After a minute, he grew bored with this activity and annoyingly switched on his light, tapping my arm to indicate that he was returning to the reef. I hung in black space for a minute or two, glancing backwards occasionally to verify that my dive buddy was still in sight, his torch a flickering mark as he scanned the reef.
But the fear was gone, as if I had surrendered myself to the void. And I knew I wanted to visit again soon.
Peeking into the bridge of the wreck.
The sun was a massive red orb dropping low over the horizon. After watching the spectacle, I icked myself up and headed off the side of the boat. At 22m, the wreck at West Rock was experiencing the changing of the guard as the nightshift took over.
Pufferfish had already switched off and the parrotfish were just getting comfy for the night. Fusiliers and grunts were going crazy circling the wreck from keel to superstructure. It was a dazzling spectacle. Then, as the light faded, they completely disappeared.
The wreck itself was a big surprise.
I had dived the site the day before, learning of the presence of a small wreck only minutes before heading down the shot with my macro camera.
I was back tonight with my wide-angle kit to do justice to what I would call a sizeable cargo vessel, with brass running lights and portholes intact.
The wreck was fantastic in its own right, but the guests, in the form of large grouper that inhabited the cabins, made the dive very special.

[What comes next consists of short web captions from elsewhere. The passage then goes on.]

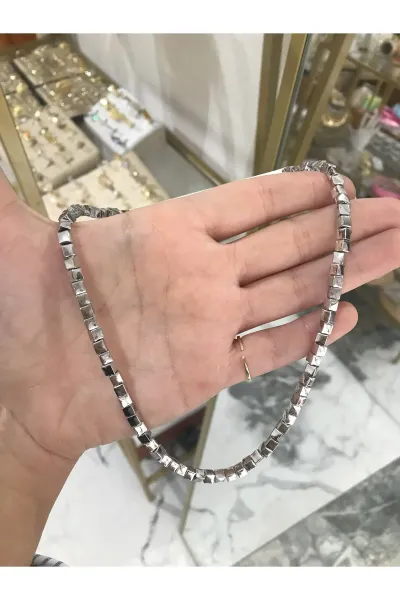 Silver Detaylı Küp Model Kolye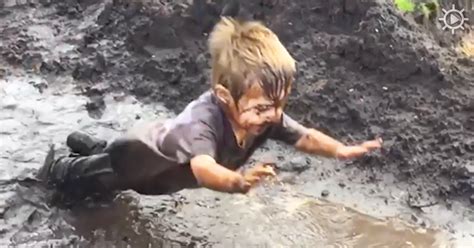 Boy jumps into mud puddle and this footage of him is something you don’t want to miss – Madly Odd!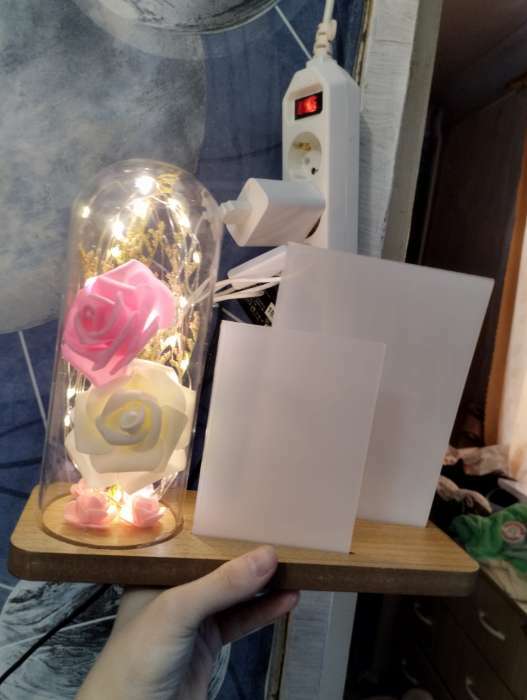 Фотография покупателя товара Фоторамка для 2 фото 9×13, 13×18 см с подсветкой «Розы в колбе», USB, 9×25×20.5 см - Фото 2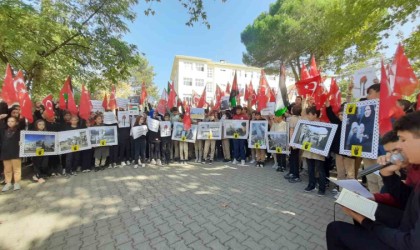 Şehit Osman Er Anadolu İmam Hatip Lisesi öğrencileri İsrailin Gazzeye saldırılarına tepki gösterdi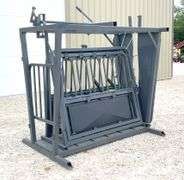Squeeze chute w/ head catch gate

Most of the grouper had abandoned themselves in weird locations all over the wreck and were sound asleep, but one massive specimen was burning the midnight oil and slipped out through a vacated porthole. Awesome!
Lesser octopus spotted by Paul Naylor on his favourite night dive.
There was still snow on the hills above Port Douglas when I arrived on the Isle of Man to visit an old friend in early March this year. I expected to spend the first evening in the pub, but was whisked off to do a night dive in Port Erin Bay while the tides were right. There was a chance, I was told, that we might see an octopus.
We saw our first octopus almost as soon as we submerged by the steps. Working along the boundary between rocks and sand, where numerous squat lobsters and crabs scuttled in our torch beams, we found five more. One had dug itself well into the sand, presumably looking for buried crabs.
Each octopus either stayed serenely in position or retreated to hunt elsewhere, moving in that wonderfully sinuous way that only an octopus can.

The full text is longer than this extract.